Pensando bem, são cada vez mais aqueles que não viveram o 25 de Abril; são cada vez mais os filhos da liberdade e cada vez menos os pais da mesma. É a renovação geracional, ou apenas a prova de como o mundo continuará a girar muito para além deste dia, mas desta feita em função deste dia e por causa deste dia.

Não, não vivi o 25 de Abril, por isso pouco ou nada posso contar ou dizer acerca do mesmo, de como por causa do 25 de Abril posso votar em liberdade e escolher os meus representantes sem medo de represálias, de como por causa do 25 de Abril posso expressar as minhas opiniões sem consequências ou prisões, de como é possível escrever um livro (e pior coisa não há do que escrever um livro) sem ter de ser interrogado e violentado logo de seguida pela multitude de ideias pululantes neste âmago que é o nosso, sequiosas de sair cá para fora sem que à sua espera esteja um valente cassetete e uma coronhada, seguidos de noites sem fio e sem sono, nu numa sala nua acordado ao som de pontapés nos lugares mais recônditos do meu corpo apenas porque, um dia, quis pensar de um modo diferente ao da maioria vigente.

Mas eu não vivi o 25 de Abril, por isso que posso eu saber acerca do mesmo? Porque não conheci o Militão Ribeiro e desconheço as agruras que levaram à sua morte na penitenciária de Lisboa, e de igual modo desconheço o significado de ver a minha filha abatida a tiro apenas porque desfila na linha da frente de um piquete de greve, ou o sem número de militantes comunistas que deram as suas vidas e os seus braços abertos à morte para que hoje tu possas estar a ler estas palavras sem medo da porrada, ao invés sentado num café ou numa paragem de autocarro, no meio da rua, como se fosse um dia normal e nada disto tivesse alguma vez acontecido.

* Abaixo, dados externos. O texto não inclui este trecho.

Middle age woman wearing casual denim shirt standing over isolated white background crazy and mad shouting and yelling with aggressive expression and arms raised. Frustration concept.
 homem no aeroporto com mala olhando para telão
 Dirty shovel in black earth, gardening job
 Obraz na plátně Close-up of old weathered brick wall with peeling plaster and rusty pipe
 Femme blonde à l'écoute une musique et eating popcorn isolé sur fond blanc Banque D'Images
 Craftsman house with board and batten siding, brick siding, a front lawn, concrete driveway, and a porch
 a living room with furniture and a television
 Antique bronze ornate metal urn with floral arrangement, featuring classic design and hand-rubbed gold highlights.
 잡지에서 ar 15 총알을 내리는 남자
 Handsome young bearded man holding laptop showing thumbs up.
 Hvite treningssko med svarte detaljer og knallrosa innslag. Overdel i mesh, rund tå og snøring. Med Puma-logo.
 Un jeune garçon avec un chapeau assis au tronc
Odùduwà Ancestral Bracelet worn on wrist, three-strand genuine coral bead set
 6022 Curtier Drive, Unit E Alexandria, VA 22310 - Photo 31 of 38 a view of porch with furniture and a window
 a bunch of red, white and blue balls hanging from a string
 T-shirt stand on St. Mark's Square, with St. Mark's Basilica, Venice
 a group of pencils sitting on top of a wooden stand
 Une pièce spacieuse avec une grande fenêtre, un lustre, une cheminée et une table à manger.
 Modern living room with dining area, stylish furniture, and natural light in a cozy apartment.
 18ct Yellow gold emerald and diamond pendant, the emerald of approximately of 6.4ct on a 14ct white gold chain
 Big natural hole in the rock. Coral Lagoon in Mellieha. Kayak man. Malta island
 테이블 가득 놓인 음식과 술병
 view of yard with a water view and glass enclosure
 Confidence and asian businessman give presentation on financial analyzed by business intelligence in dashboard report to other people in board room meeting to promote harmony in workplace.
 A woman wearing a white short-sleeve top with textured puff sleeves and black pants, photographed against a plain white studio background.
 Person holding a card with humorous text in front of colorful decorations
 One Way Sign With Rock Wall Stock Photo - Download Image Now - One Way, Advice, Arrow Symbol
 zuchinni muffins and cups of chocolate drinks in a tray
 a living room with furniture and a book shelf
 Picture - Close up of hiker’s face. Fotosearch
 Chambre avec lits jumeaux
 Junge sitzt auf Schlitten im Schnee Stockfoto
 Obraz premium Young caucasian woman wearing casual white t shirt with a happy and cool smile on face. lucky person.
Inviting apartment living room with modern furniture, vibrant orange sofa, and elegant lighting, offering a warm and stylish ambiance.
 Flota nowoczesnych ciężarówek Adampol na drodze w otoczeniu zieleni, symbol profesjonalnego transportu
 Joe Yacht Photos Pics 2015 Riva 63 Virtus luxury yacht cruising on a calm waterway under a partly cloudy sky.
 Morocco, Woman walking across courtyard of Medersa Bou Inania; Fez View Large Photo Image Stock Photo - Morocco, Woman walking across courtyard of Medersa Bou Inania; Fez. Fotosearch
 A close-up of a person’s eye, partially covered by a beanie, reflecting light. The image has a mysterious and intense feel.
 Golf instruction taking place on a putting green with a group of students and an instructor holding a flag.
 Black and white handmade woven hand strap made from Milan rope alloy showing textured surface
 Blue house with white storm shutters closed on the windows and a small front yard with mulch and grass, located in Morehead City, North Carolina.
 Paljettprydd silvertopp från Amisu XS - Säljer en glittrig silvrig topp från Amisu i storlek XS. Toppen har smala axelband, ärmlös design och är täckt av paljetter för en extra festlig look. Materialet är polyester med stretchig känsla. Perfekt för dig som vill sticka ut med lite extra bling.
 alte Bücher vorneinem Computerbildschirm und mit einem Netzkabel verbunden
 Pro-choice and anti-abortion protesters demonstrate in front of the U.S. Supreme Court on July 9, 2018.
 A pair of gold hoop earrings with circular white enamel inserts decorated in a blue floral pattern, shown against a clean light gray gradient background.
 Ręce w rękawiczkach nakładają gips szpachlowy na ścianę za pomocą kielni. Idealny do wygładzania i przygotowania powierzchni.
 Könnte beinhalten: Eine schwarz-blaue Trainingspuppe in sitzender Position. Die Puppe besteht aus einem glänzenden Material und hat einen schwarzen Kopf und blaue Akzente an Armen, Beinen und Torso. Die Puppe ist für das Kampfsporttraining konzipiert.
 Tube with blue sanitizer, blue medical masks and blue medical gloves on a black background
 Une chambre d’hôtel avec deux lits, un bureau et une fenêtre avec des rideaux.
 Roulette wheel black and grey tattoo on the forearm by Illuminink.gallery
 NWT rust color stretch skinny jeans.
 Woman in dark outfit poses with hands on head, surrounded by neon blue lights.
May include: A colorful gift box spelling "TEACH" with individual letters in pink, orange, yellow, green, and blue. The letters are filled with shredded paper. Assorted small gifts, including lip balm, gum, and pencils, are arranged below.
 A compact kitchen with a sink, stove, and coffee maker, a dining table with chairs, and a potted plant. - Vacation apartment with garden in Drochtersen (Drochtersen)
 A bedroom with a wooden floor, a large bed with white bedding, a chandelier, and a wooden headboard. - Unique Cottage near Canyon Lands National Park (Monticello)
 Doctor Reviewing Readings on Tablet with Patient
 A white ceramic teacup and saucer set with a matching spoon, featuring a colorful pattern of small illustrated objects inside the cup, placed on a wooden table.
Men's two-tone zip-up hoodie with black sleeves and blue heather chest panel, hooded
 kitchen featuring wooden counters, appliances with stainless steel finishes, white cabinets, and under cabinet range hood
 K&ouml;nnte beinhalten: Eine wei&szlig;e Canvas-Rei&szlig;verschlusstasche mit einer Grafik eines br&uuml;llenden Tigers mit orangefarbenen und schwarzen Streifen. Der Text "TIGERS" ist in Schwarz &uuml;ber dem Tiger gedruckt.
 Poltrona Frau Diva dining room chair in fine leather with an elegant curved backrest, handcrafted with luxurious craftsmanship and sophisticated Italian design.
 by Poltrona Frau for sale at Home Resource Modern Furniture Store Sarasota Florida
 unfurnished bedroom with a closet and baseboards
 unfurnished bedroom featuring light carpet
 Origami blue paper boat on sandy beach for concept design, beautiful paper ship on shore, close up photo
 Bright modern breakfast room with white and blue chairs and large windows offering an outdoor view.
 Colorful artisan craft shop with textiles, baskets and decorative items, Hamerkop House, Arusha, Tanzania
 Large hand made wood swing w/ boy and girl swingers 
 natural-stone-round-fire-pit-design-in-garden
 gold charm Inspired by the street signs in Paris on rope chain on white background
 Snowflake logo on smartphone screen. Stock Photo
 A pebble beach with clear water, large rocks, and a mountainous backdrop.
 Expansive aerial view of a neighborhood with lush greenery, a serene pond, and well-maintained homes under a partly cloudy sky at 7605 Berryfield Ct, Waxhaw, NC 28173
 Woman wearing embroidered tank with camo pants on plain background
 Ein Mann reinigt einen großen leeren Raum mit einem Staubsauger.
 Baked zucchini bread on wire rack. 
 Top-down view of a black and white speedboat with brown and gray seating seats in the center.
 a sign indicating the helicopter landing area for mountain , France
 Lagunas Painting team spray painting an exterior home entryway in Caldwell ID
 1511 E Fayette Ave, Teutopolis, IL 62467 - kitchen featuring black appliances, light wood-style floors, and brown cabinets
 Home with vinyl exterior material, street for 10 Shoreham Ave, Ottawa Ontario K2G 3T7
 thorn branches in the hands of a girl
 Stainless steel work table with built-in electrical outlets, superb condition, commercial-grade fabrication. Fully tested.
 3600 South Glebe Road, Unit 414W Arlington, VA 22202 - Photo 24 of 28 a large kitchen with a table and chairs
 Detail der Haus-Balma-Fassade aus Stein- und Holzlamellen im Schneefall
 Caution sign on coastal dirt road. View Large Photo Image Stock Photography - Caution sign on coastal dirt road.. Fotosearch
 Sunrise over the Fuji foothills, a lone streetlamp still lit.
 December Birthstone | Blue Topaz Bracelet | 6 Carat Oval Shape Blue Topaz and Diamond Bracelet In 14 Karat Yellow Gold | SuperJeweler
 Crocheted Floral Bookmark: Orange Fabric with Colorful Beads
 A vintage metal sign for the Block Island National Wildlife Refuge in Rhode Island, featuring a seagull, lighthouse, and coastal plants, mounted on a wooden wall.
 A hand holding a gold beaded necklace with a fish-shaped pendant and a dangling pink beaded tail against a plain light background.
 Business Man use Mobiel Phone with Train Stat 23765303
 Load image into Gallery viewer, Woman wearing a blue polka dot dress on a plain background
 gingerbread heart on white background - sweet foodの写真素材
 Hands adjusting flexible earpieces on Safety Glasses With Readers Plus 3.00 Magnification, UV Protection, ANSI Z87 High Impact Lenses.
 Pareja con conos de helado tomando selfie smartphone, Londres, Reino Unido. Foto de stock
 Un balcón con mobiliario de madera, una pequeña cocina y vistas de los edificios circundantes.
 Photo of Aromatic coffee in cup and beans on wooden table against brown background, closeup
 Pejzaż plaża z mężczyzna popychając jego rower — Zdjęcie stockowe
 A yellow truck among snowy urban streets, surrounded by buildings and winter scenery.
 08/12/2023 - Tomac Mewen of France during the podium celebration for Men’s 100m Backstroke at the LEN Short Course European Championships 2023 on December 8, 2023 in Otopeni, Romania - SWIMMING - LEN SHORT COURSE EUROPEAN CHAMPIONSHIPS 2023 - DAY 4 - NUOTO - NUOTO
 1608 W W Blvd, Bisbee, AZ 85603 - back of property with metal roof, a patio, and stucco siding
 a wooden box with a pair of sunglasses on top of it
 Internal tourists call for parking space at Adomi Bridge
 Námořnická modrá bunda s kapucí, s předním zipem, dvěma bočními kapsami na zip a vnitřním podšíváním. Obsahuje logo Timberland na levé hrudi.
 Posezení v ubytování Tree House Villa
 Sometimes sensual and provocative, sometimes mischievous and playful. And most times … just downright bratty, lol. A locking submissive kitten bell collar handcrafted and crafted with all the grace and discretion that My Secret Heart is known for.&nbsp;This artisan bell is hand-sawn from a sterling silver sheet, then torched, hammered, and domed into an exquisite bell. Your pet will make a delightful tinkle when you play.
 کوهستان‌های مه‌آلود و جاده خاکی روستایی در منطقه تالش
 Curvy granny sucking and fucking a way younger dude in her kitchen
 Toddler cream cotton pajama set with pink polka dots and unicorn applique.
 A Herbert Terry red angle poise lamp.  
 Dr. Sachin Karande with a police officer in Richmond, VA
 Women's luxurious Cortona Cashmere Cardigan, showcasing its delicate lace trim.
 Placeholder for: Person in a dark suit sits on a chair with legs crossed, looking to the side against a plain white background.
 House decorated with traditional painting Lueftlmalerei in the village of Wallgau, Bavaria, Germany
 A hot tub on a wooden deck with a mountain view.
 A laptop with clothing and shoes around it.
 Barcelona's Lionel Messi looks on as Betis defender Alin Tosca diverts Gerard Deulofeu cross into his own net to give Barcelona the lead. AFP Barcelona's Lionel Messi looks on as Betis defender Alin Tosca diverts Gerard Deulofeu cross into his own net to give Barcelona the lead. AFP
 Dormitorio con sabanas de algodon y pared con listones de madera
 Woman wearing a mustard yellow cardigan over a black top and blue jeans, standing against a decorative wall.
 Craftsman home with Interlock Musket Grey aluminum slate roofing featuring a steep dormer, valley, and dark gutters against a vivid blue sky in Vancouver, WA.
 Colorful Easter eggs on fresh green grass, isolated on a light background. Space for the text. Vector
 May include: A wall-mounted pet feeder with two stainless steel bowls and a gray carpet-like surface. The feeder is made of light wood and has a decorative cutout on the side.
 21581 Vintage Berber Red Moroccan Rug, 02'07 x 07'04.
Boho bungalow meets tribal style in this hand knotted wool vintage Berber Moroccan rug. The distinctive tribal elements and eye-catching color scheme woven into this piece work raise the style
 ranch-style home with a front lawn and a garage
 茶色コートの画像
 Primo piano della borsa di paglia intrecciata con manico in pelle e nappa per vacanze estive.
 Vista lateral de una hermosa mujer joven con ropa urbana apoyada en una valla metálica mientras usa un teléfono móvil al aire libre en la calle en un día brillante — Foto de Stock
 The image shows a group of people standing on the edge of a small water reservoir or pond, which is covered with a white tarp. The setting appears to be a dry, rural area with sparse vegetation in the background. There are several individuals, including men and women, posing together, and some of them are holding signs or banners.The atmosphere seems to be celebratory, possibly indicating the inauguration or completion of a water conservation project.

E não, não vivi o 25 de Abril, porque eu sou o 25 de Abril, nasci em Abril e respirei em Abril, gritei em Abril e grito e gritarei Abril até que a voz me doa mais ao comprimido de mebocaína, porque eu fui um bebé nascido livre, na liberdade.

Por isso só posso pedir desculpa por não ter estado convosco lá, neste 25 de Abril, Deus não quis que os meus olhos vissem o dia no qual, pela madrugada e inusitadamente, Paulo de Carvalho deu o mote para que hoje, dez milhões de portugueses possam viver, libertos, o rumo que as suas vidas levam. Não, não estive lá convosco, mas hei-de lá estar quando, chegada a vossa hora, tiverem de dizer adeus a este que foi o maior sonho de todos os portugueses: sonhar poder sonhar. Agora podemos acordar.